Swiss Optimistic Ahead Of Durban Climate Talks
By Jessica Dacey
Switzerland says climate change talks starting in Durban on Monday need to come up with a “clear understanding” of how to tackle the issue over the next decade.
Delegates from nearly 200 countries will be in the South African city for two weeks of United Nations-led negotiations on a global roadmap for cutting greenhouse gas emissions, spurred on by the expiration of the Kyoto Protocol in 2012.
“I am rather positive that we will make a step forward but perhaps it will not be as big a step as many of us are hoping. It might be smaller or different steps,” Swiss delegation head Ambassador Franz Perrez told swissinfo.ch.
On the table are the possibility of a second Kyoto Protocol commitment period running until 2017-2020 – limiting emissions for around 36 industrialised nations – and the development in tandem of legally binding obligations for the rest of the world to cut emissions.
There are doubts about the Protocol, with some signatories – like Switzerland – unwilling to commit to measures if emerging economies and major emitters are not bound by similar cuts.
Whatever the outcome of the Protocol, Switzerland says the summit needs to start outlining a roadmap for a broader binding “regime” to cover all countries in the long-term. It also wants a mandate to be adopted for a committee to negotiate on such a future agreement.
Perrez said the Kyoto Protocol “made sense” when it was adopted in 1997 as a way of covering more than half of global emissions among economically advanced countries.
But today the Protocol would account for 17 per cent of global emissions – or around 11 per cent if it is not supported by all the remaining Kyoto “maybe” countries.
“We cannot tackle the climate change challenge by establishing a regime that covers only 11 or 17 per cent of global emissions, this is not enough. This is the reason why we need to move towards a regime that is broader. That has to be one of the clear outcomes of Durban.”
Environmental group WWF says it is concerned about a possible breakdown in the talks.
“We raise this not to be alarmist but to alert leaders that their current approaches mean they may fail to reach a minimally acceptable agreement in Durban.”
The head of WWF’s Swiss delegation Patrick Hofstetter told swissinfo.ch “small steps” of progress had been made in the lead-up to Durban in technology transfer, on REDD+ deforestation issues, finance and adaptation.
But he warned that “anything can happen” when it comes to the crunch issues of the Protocol and the future regime.
For instance, if developing countries, the United States, Japan, Canada or Russia don’t even agree to talk about a future legally binding agreement, he said. “This would really be a disaster, when you have to question whether this process is going to yield any progress in the future or not.”
So, what’s on WWF’s wish list for Durban?
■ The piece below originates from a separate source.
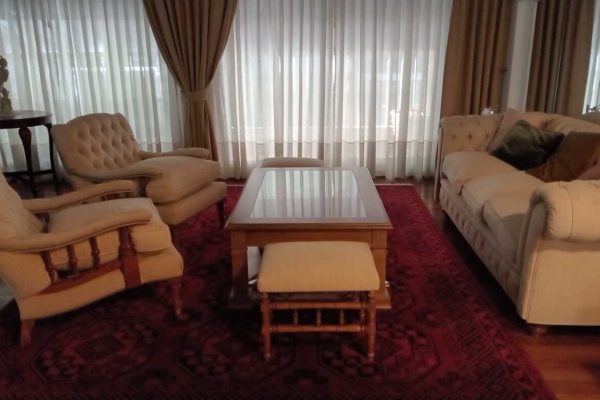 Sofá 3 cuerpos estilo Chester; sofá 2 cuerpos; par sillones estilo Morris; par sillones 1 cuerpo Reina Ana esterillados; juego de sala Chippendale: sofá 2 cuerpos, 2 sillones 1 cuerpo con respaldo y laterales esterillados; sillón 1 cuerpo; 2 sillas en roble; sillón 1 cuerpo herradura esterillado; par banquetas en caña; mesas auxiliares: estilo Chippendale doble plano inferior esterillado, par estilo Chippendale...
A package deal where some industrialised countries go ahead with a second commitment period of the Kyoto Protocol and where there is a “clear plan with a timetable on how to progress to a global new legally binding agreement and which enters into force in 2018”, Hofstetter said.
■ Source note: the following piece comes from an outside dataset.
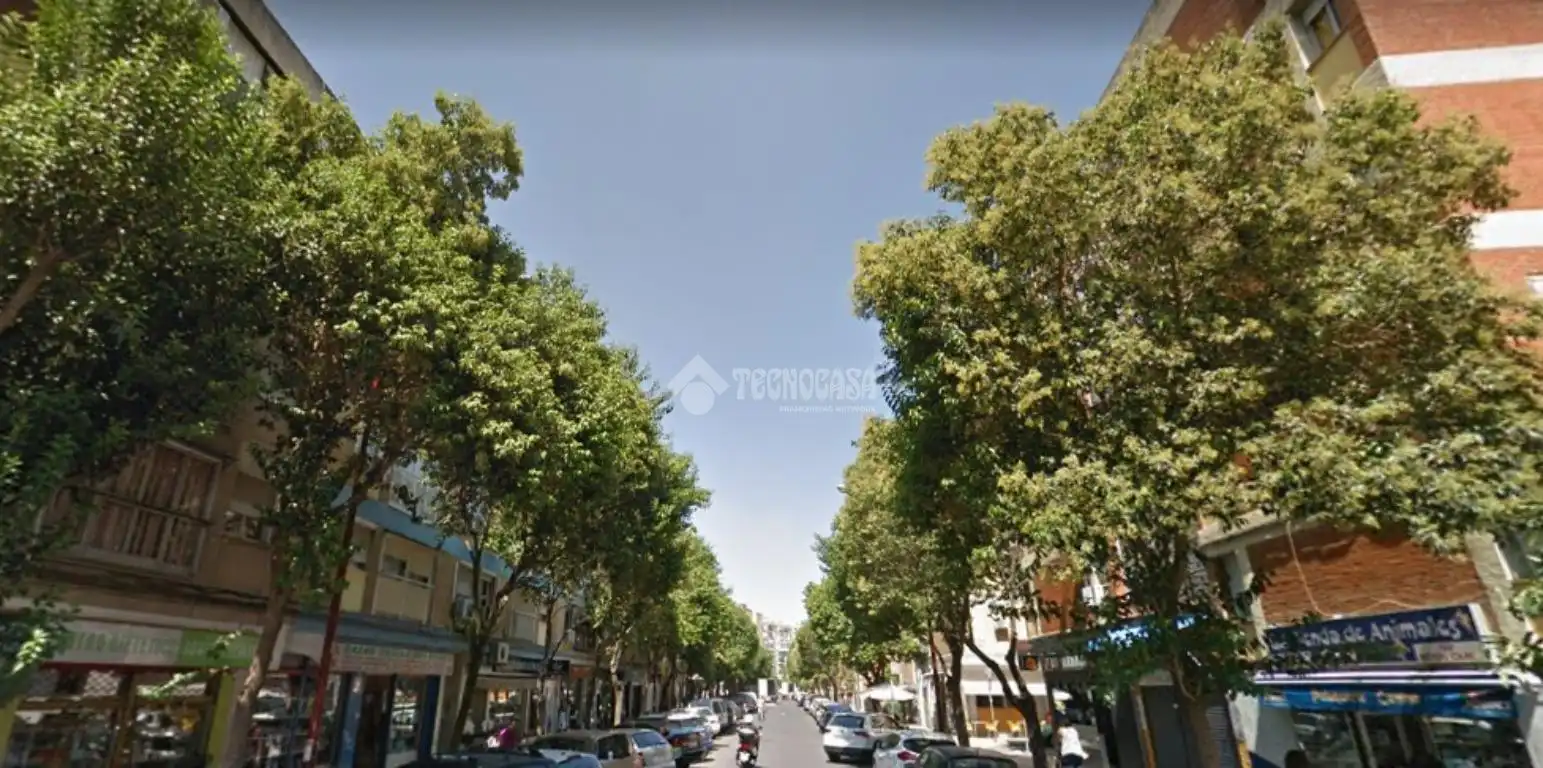 Vista exterior de Pis en venda en Sevilla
For the Swiss governmental delegation, “the worst case scenario” would be to just tackle emissions for developed countries.
“Everything that is not helping us to make that shift towards a broader regime that will include reductions and limitations of emissions by all countries will be a failure and everything that helps us to move towards such a broader all-encompassing more comprehensive regime will be a success.”
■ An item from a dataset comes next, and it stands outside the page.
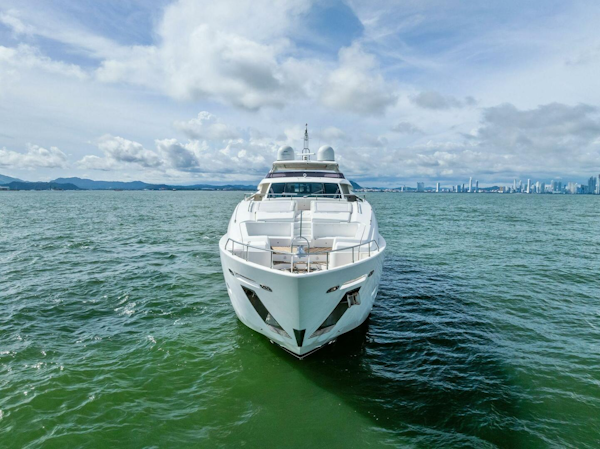 Custom Line-100 2014-SHA SHA SHA IV Panama City-Panama-5819004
“I am not afraid that there will be a breakdown in talks,” he added.
There are also concerns that governments will not be able to commit the full $100 billion (SFr91.9 billion) a year pledged to help the most vulnerable countries tackle climate change, as part of the new Green Climate Fund created at last year’s summit.
Switzerland has been playing a leading role in developing plans for the fund. In Durban, the Swiss delegation will be arguing for it to be based in Geneva, which it says could offer synergies with the city’s international and environmental institutions and the financial sector and its private financing possibilities.
Adding further momentum to negotiations will be new figures released by the UN weather agency showing global warming gases hit record levels in the world’s atmosphere in 2010.
The UN’s Intergovernmental Panel on Climate Change also urged countries to make disaster management plans to adapt to the growing risk of extreme weather linked to climate change.
For Perrez, these developments underline the need for a global pact and the futility of having the Kyoto Protocol on its own.
“The emissions of the Kyoto parties have reduced over the last period, so the Kyoto period was a success.”
“But if, in parallel, the emissions of the rest of the world are increasing so tremendously as to more than offset the reductions of the Kyoto parties, then that’s no solution for the future.”